100 Doors Closed in your Face
“Don’t stop until you have had 100 doors closed in your face.”
That is the mantra of one of my good friends who spent a summer selling textbooks door to door in rural North Carolina. He wouldn’t measure his days by how many sales he made, he measured them by how many rejections he got. Many sales reps think “I’ll make as many cold calls as it takes to get a meeting, then I deserve a break for the day.” I think you should do the opposite. Measure your success by your rejections.
This will in a sense help you gamify your rejection. Keep a tally mark next to your desk of how many rejections you get and don’t stop till you hit your goal. Inherently you will achieve many more successes along the way. Just because you are not selling Cutco knives, home school education books, Avon, or Girl Scout cookies doesn’t mean you don’t feel the same level of rejection when someone hangs up or you get that inmail rejection notice as you would when they physically slam a door in your face. (At least you probably won’t be chased out by their dogs though in the software sales arena- so there’s that).

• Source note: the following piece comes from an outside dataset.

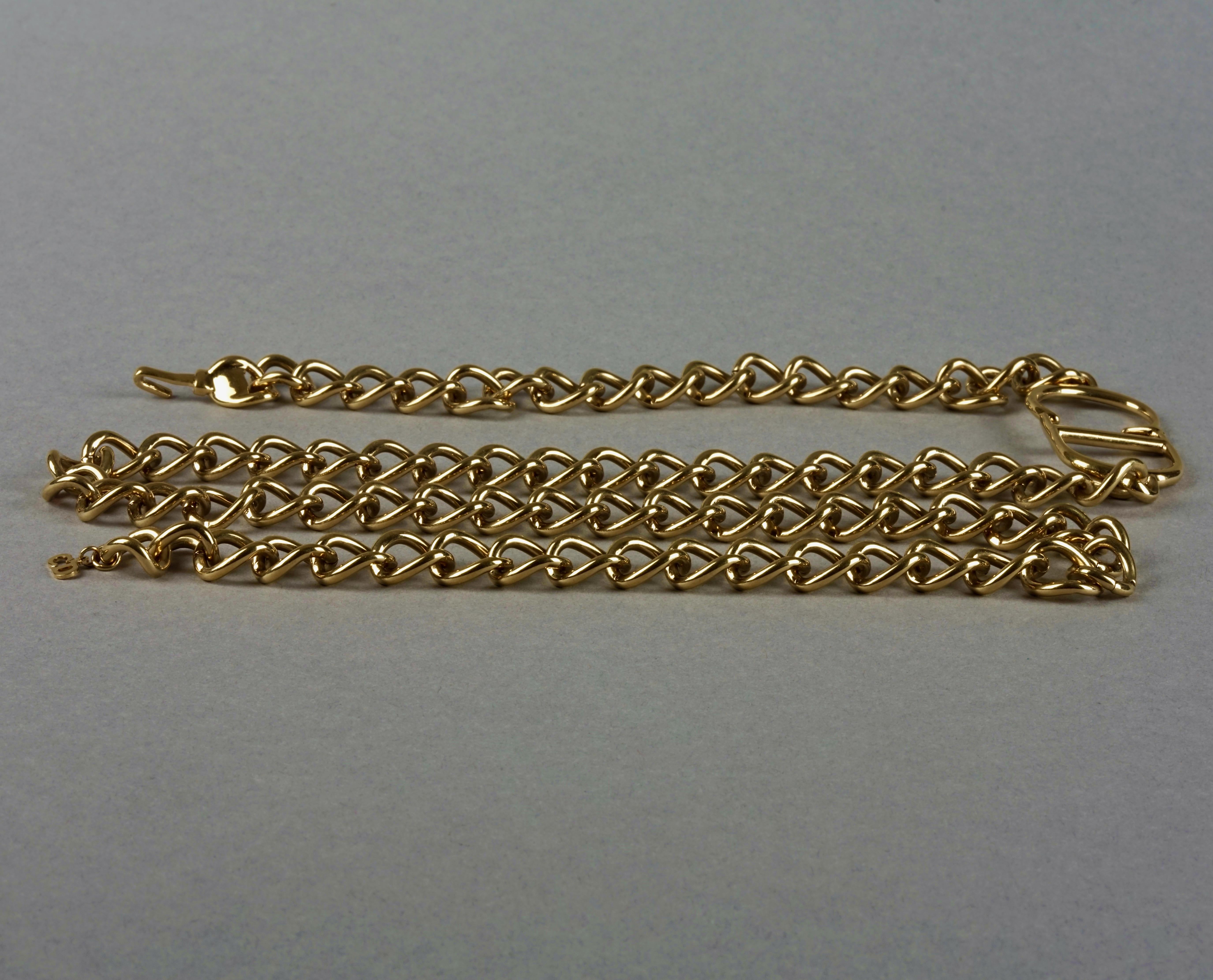 Vintage CHRISTIAN DIOR by JOHN GALLIANO Logo Monogram Chain Necklace Belt In Excellent Condition In Kingersheim, Alsace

Rejection is a part of sales and a part of life. In sales you can make a lot of money if you don’t let it affect you personally. In my industry a rejection doesn’t really mean “no” (in my kool aid drinking opinion) it just means “not now”. Somehow I have luckily convinced my reps to agree with me so the rejections don’t mean “I don’t value your product” or “I don’t value you” they just mean “I’m not ready to take this step with you yet.”

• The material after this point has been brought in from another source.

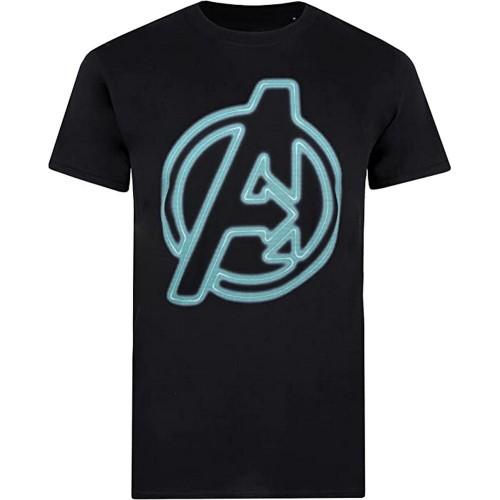 Avengers heren neon-logo T-shirt S oranje/Vloot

Keep persisting till you get to “no” because then you can figure out the why. Should you be asking someone else instead? Mom said no so you go ask dad right? Sometimes you may just be talking to the wrong person. Did they just buy something else? When is the expiration? What are the gaps in that product? What is their current spend with your competitor? They don’t have time? Why? Is there a board meeting they need to prep for? Are they growing beyond what their current infrastructure can support? Maybe your solution can give them back their time!
I could have wallpapered my first 400 sq ft studio in Boston with all the rejection emails I got from consulting firms I interviewed with.
If I had a nickel for every unanswered prospecting email, unreturned voicemail, rejected inmail– I still wouldn’t make as much as I do on the wins!
Rejection is part of the job, the lifestyle- embrace it and set your own rejection goals to help you reach your success. If you’re really feeling blue just go to a local open mic night and it will put your rejection in perspective, I know because I’ve unsuccessfully done a few stand up shows myself!